EXERCISE BRIEF
Locate the line that contains "Étkezőasztal Victory (fekete" in the entries below, then repeat it and every following line through the line that contains "Paquete De 1", exactly, and no others.

START STUDY MATERIAL

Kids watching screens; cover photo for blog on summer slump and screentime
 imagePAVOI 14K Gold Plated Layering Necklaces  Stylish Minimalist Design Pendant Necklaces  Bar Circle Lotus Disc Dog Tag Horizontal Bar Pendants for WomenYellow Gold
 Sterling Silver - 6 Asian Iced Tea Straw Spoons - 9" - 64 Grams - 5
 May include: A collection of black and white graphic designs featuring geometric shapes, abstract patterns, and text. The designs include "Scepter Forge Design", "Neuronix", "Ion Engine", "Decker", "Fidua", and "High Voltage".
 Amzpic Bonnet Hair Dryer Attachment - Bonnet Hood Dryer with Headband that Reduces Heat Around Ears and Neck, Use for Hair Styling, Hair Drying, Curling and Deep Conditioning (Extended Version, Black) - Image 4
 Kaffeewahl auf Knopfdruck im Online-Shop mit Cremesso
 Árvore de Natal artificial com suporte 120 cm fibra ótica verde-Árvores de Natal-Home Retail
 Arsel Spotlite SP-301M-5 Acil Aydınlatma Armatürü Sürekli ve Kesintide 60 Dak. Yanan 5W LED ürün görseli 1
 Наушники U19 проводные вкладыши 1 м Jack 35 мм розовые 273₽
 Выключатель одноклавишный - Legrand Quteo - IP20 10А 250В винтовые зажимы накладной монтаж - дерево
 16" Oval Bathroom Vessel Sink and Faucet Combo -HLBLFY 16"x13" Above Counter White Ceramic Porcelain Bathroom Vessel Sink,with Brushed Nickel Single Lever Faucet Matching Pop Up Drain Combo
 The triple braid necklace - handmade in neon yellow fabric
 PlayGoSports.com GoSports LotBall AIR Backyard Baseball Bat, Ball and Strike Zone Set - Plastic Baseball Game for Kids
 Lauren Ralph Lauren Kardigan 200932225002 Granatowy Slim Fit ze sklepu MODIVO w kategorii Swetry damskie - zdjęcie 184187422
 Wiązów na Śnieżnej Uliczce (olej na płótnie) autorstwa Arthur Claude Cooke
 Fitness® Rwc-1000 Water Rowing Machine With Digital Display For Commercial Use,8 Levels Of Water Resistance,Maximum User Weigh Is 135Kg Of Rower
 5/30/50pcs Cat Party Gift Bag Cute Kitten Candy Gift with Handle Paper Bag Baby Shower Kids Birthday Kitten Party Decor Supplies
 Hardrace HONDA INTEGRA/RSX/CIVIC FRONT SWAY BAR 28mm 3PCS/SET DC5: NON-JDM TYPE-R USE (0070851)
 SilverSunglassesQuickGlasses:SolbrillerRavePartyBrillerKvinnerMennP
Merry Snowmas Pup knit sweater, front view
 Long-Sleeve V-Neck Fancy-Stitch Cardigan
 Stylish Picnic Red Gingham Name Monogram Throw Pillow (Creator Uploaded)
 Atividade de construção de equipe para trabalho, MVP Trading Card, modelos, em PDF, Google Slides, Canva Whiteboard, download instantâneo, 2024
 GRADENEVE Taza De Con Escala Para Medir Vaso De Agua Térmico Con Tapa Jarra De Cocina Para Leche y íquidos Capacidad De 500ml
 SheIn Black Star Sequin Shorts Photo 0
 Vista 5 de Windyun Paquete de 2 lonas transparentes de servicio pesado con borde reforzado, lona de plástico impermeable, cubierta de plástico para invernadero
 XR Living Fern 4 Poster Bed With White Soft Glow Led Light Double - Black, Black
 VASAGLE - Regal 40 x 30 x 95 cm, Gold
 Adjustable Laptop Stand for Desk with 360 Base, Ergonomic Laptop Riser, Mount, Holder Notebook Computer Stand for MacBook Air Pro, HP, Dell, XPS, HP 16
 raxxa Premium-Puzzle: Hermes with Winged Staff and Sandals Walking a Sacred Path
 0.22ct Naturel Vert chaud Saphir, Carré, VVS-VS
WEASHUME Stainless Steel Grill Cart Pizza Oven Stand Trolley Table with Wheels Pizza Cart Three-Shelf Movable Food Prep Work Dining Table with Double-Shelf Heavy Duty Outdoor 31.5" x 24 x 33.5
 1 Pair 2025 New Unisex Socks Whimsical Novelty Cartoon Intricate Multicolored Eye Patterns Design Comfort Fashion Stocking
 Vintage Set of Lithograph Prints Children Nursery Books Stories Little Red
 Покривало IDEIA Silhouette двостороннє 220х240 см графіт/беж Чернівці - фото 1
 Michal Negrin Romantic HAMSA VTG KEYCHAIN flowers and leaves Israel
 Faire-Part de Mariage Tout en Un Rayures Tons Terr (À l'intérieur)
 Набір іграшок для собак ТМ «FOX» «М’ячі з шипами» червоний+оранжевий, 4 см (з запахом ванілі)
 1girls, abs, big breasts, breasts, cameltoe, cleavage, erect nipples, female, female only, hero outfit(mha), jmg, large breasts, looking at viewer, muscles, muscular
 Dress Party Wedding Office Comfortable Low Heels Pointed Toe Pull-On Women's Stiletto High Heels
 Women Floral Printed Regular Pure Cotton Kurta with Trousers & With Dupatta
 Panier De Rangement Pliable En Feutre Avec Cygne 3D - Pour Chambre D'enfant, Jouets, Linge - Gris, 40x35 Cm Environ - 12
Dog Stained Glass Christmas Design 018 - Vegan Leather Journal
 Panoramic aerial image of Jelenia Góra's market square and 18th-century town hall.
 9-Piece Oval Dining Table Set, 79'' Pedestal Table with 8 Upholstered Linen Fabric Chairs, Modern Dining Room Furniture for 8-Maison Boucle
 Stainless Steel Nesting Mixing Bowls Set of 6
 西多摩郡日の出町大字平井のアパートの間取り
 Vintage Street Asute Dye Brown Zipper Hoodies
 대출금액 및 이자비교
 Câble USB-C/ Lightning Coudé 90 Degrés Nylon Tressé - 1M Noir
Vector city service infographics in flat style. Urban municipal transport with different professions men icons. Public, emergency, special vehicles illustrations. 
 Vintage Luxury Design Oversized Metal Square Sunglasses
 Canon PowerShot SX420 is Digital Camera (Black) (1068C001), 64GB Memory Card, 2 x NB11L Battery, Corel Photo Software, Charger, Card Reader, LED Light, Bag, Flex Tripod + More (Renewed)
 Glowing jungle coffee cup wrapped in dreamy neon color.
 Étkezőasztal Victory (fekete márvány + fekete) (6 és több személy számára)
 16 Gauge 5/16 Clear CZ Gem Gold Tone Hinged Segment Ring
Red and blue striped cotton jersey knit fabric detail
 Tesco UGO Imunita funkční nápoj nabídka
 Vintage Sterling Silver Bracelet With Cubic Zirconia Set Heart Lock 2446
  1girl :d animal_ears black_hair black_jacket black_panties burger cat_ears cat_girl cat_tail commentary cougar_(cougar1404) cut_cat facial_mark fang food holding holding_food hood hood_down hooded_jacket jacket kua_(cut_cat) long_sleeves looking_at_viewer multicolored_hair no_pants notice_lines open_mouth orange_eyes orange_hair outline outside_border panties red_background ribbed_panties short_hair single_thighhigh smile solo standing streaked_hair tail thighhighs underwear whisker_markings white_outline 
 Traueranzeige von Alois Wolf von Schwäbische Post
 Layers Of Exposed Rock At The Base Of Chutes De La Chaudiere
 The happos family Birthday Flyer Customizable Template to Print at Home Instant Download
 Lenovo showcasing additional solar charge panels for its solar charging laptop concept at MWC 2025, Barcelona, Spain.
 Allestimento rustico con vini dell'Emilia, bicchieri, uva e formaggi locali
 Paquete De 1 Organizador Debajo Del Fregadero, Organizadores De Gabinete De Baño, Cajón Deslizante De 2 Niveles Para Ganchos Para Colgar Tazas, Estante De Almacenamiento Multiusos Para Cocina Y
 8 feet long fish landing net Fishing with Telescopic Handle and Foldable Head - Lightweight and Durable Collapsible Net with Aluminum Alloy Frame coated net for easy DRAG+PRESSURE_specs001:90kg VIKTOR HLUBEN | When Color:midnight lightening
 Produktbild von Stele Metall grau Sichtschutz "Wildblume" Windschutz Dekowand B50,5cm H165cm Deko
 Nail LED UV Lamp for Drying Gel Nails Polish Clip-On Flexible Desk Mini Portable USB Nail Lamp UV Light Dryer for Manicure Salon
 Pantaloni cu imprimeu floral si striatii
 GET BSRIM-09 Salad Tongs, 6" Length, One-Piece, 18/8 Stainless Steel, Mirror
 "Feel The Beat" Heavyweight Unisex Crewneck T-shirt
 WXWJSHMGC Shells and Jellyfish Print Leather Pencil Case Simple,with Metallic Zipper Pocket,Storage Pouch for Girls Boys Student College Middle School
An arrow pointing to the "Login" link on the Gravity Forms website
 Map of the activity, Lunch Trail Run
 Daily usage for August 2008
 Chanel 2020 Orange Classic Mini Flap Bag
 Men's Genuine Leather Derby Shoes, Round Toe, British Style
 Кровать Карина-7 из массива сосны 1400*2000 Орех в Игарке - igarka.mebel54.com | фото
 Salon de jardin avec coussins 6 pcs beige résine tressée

END STUDY MATERIAL

SOLUTION
 Étkezőasztal Victory (fekete márvány + fekete) (6 és több személy számára)
 16 Gauge 5/16 Clear CZ Gem Gold Tone Hinged Segment Ring
Red and blue striped cotton jersey knit fabric detail
 Tesco UGO Imunita funkční nápoj nabídka
 Vintage Sterling Silver Bracelet With Cubic Zirconia Set Heart Lock 2446
  1girl :d animal_ears black_hair black_jacket black_panties burger cat_ears cat_girl cat_tail commentary cougar_(cougar1404) cut_cat facial_mark fang food holding holding_food hood hood_down hooded_jacket jacket kua_(cut_cat) long_sleeves looking_at_viewer multicolored_hair no_pants notice_lines open_mouth orange_eyes orange_hair outline outside_border panties red_background ribbed_panties short_hair single_thighhigh smile solo standing streaked_hair tail thighhighs underwear whisker_markings white_outline 
 Traueranzeige von Alois Wolf von Schwäbische Post
 Layers Of Exposed Rock At The Base Of Chutes De La Chaudiere
 The happos family Birthday Flyer Customizable Template to Print at Home Instant Download
 Lenovo showcasing additional solar charge panels for its solar charging laptop concept at MWC 2025, Barcelona, Spain.
 Allestimento rustico con vini dell'Emilia, bicchieri, uva e formaggi locali
 Paquete De 1 Organizador Debajo Del Fregadero, Organizadores De Gabinete De Baño, Cajón Deslizante De 2 Niveles Para Ganchos Para Colgar Tazas, Estante De Almacenamiento Multiusos Para Cocina Y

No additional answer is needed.